Commanders and leaders
- Mingrui: Maha Sithu

Units involved
- Eight Banners Army Green Standard Army Mongolian troops Tai militias: Royal Burmese Army

Strength
- ~15,000: ~7,000–8,000

Casualties and losses
- Unknown: Unknown

= Battle of Goteik Gorge =

Battle in the Sino-Burmese War, 1765-1769

The Battle of Goteik Gorge (ဂုတ်ထိပ်တိုက်ပွဲ /my/) took place during the Sino–Burmese War (1765–1769) fought between the Konbaung Dynasty of Burma (Myanmar) and the Qing Dynasty of China in late December 1767 or early January 1768. It was the first major battle in the third invasion by the Chinese who had previously unsuccessfully invaded Burma in 1765 and 1766. The Chinese victory cleared the way for the main Chinese army to Ava, the Burmese capital.

==Battle plans==
The Chinese had planned a two-pronged invasion.
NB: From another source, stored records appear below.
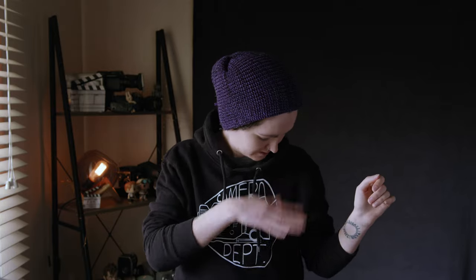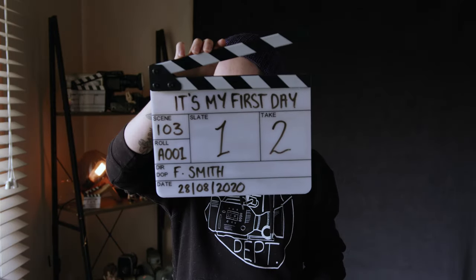Do you like my jumper? I know it's covered in cat hair, but I can't do anything about that because my cats love me. I'll talk more about this at another point, not in this video. Tips for your first day, take two.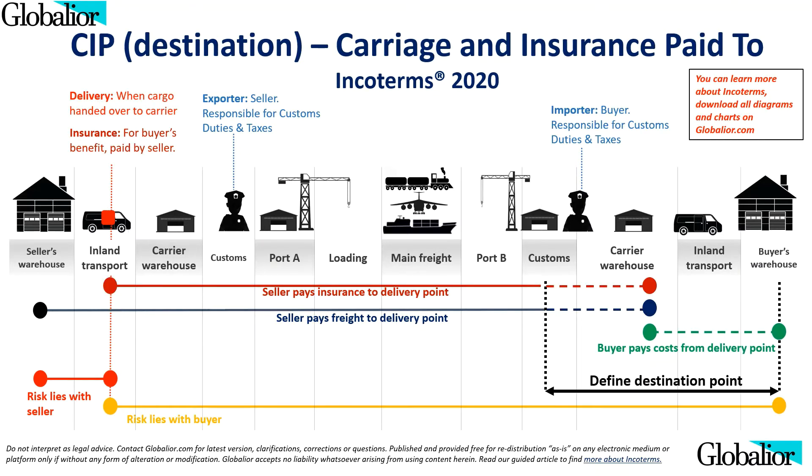CIP, or Carriage and Insurance Paid To, is similar to CPT, but in this case the seller must also purchase insurance. This rule is suitable if mandating sufficient insurance of the cargo is a concern. CIF is a maritime transport only term, while CIP can be used for any mode of transportation. The level of insurance cover under CIP is more comprehensive than CIF. When using CIP: export clearance is done by seller, freight costs are paid by seller, import clearance is done by buyer, insurance is purchased by seller for the buyer's benefit, any mode of transport can be used, and delivery is made when cargo is handed over to the carrier.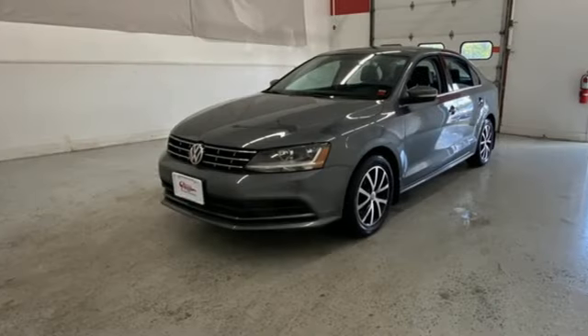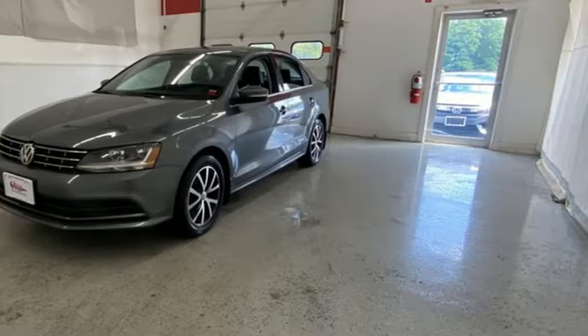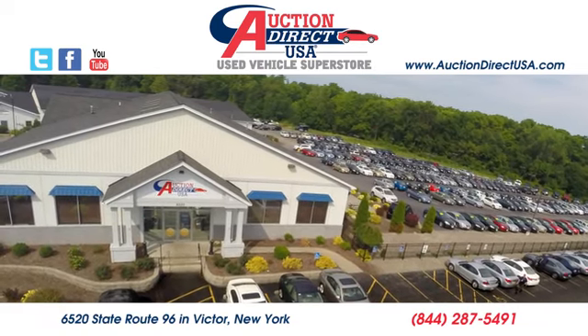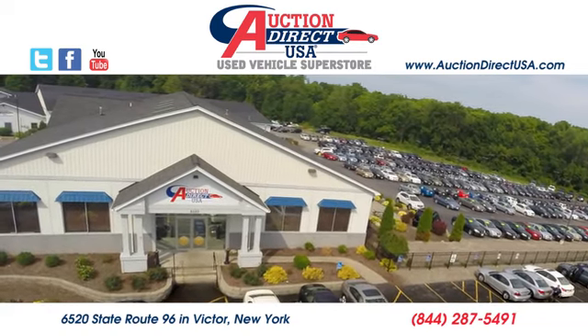Enjoy every drive in a Volkswagen. Experience it for yourself today. Visit us — we are conveniently located at 6520 State Route 96 in Victor, New York.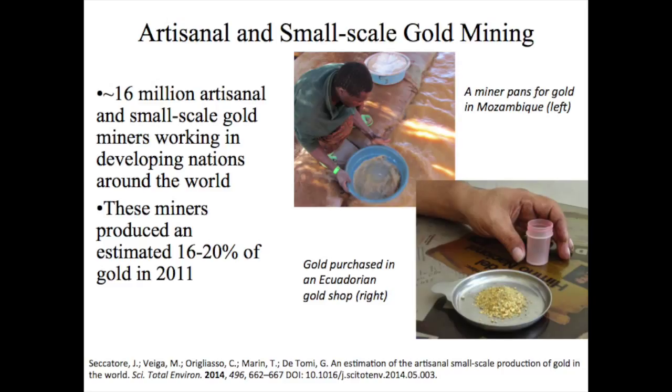It has recently been estimated that 16 million artisanal and small-scale gold miners in developing nations around the world produce 350 to 480 metric tons of gold annually. In 2011, this represented between 16 and 20% of global gold production.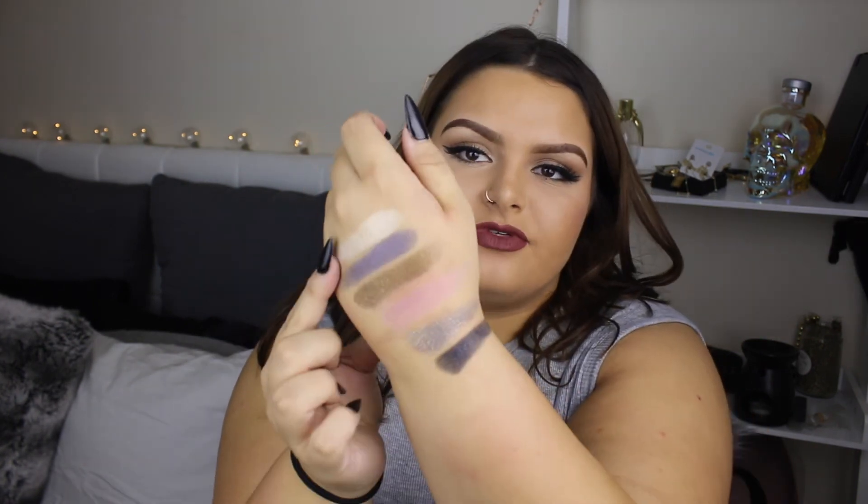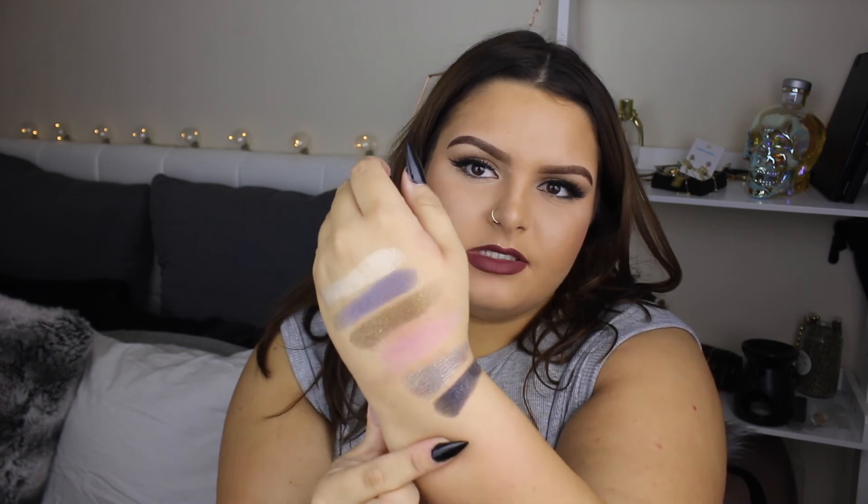Moving on to the Colourpop eyeshadows that I got. I got the Blitz pack with the colours Valley Girl, Thirsty Girl, Fangirl, Party Girl, That Girl, and Roller Girl. These eyeshadows are nothing like you've ever felt before. They're so soft and creamy, but they're not a cream eyeshadow - it's just amazing, and they are so pigmented. They're literally the most amazing texture eyeshadow I've ever felt in my life. This is all one swipe.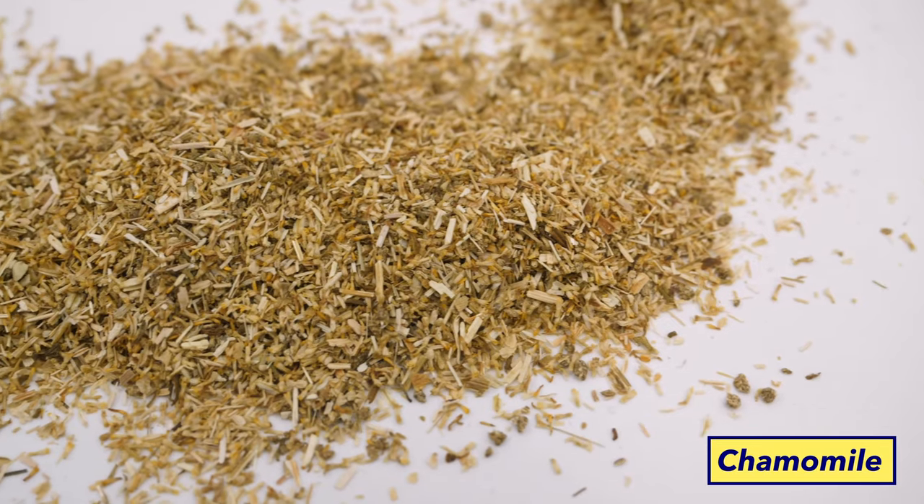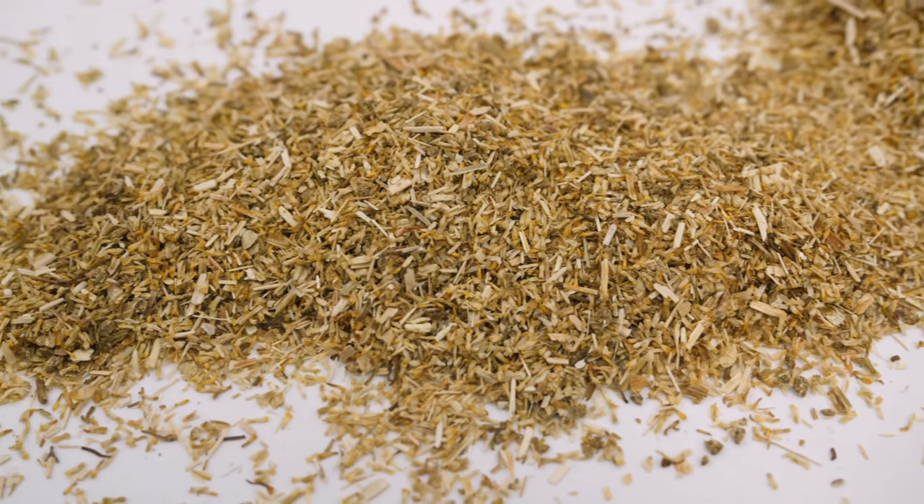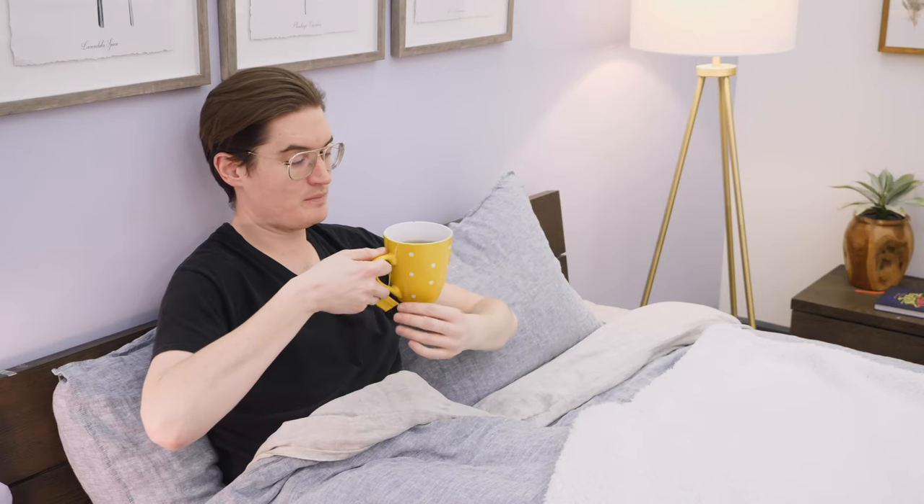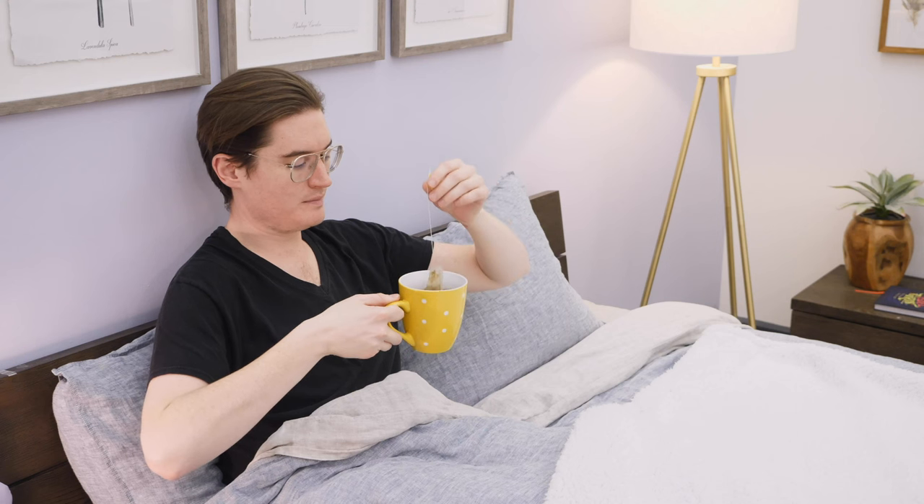Chamomile is another ancient medicinal herb that's been used for centuries. A member of the daisy family, this flowery plant is packed with flavonoids that have been shown to relax the body and encourage sound slumber. Most commonly expressed in teas, chamomile is a highly accessible natural sleep aid and can be found in most grocery stores, pharmacies, and supermarkets. I like to take it just like the lemon balm — put in a tea bag, pour over some boiling water, and let it sit for about five minutes. As with lemon balm, I enjoy it about 20 to 30 minutes before bed. Of the two, I find chamomile to be a bit stronger.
The main Chinese army, led by Mingrui, a son-in-law of the Qianlong Emperor, was to approach Ava through Hsenwi, Lashio and Hsipaw, and down the Namtu river. (The main invasion route was the same route followed by the Manchu forces a century earlier, chasing Yongli Emperor of Ming Dynasty.) The second army, led by Gen. E'erdeng'e, was to try the Bhamo route again. The ultimate objective was for both armies to clamp themselves in a pincer action on the Burmese capital of Ava. The Burmese plan was to hold the second Chinese army in the north at Kaungton with the army led by Ne Myo Sithu, and meet the main Chinese army in the northeast with two armies led by Maha Sithu and Maha Thiha Thura.

== Prelude ==
The third invasion began in November 1767 as the smaller Chinese army attacked and occupied Bhamo. Within eight days, Mingrui's main army occupied the Shan states of Hsenwi and Hsipaw. Mingrui made Hsenwi a supply base, and assigned 5000 troops to remain at Hsenwi and guard the rear. He also assigned another 15,000 to guard the supply lines between the vanguard of the army and Hsenwi. He then led a 15,000-strong army in the direction of Ava. The Burmese main army led by Maha Sithu left Ava to meet the main Chinese army about mid-December 1767.

== Battle ==
In late December or early January, at the Goteik Gorge (south of Hsipaw), the two main armies faced off and the first major battle of the third invasion ensued. The Burmese army was outnumbered by two to one, and was thoroughly routed by Mingrui's Bannermen. According to the Royal Chronicles, Mingrui's men tricked Maha Sithu's vanguard into attacking them and then flanked them. Maha Sithu ordered a cavalry charge to breakthrough and while the Burmese riders managed to break the first Qing line, the Bannermen reformed and trapped the Burmese cavalrymen, killing or capturing most of them. Maha Sithu then fell back to down the line of the Myitnge river. The news of the disaster at Goteik reached Ava. Hsinbyushin finally realized the gravity of the situation, and urgently recalled his remaining garrison forces from Siam.